Aim of the exercise:
Count up every line of the data in which "Фото" occurs. The reply is one number and nothing more.

Input records:
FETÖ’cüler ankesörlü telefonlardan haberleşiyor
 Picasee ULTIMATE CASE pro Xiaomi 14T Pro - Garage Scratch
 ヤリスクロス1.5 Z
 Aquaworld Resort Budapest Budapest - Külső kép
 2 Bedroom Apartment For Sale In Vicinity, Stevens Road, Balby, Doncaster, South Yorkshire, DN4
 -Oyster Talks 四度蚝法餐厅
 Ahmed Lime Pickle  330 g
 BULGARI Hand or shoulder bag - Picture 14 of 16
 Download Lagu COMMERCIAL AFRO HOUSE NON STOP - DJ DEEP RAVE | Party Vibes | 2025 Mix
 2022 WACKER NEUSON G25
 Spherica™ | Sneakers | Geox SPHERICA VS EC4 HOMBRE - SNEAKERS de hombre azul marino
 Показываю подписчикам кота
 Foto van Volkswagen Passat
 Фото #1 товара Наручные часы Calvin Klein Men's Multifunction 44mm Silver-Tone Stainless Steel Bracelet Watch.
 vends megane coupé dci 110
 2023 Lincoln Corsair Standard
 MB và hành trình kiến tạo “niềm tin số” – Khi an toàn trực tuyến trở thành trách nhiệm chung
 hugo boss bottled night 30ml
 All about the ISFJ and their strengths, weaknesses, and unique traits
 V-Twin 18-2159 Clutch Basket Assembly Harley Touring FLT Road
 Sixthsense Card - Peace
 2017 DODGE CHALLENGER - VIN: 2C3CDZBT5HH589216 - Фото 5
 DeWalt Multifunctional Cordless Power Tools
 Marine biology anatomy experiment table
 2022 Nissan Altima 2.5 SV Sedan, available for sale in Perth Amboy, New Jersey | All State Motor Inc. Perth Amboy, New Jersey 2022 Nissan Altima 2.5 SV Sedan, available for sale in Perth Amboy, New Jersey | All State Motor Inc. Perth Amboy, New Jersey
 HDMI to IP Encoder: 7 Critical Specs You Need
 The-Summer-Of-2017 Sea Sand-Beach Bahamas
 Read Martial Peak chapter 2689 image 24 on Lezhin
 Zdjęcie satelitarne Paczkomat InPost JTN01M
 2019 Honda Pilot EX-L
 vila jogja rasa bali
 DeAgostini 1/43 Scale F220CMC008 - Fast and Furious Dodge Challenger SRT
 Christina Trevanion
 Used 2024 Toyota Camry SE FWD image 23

Your solution:
2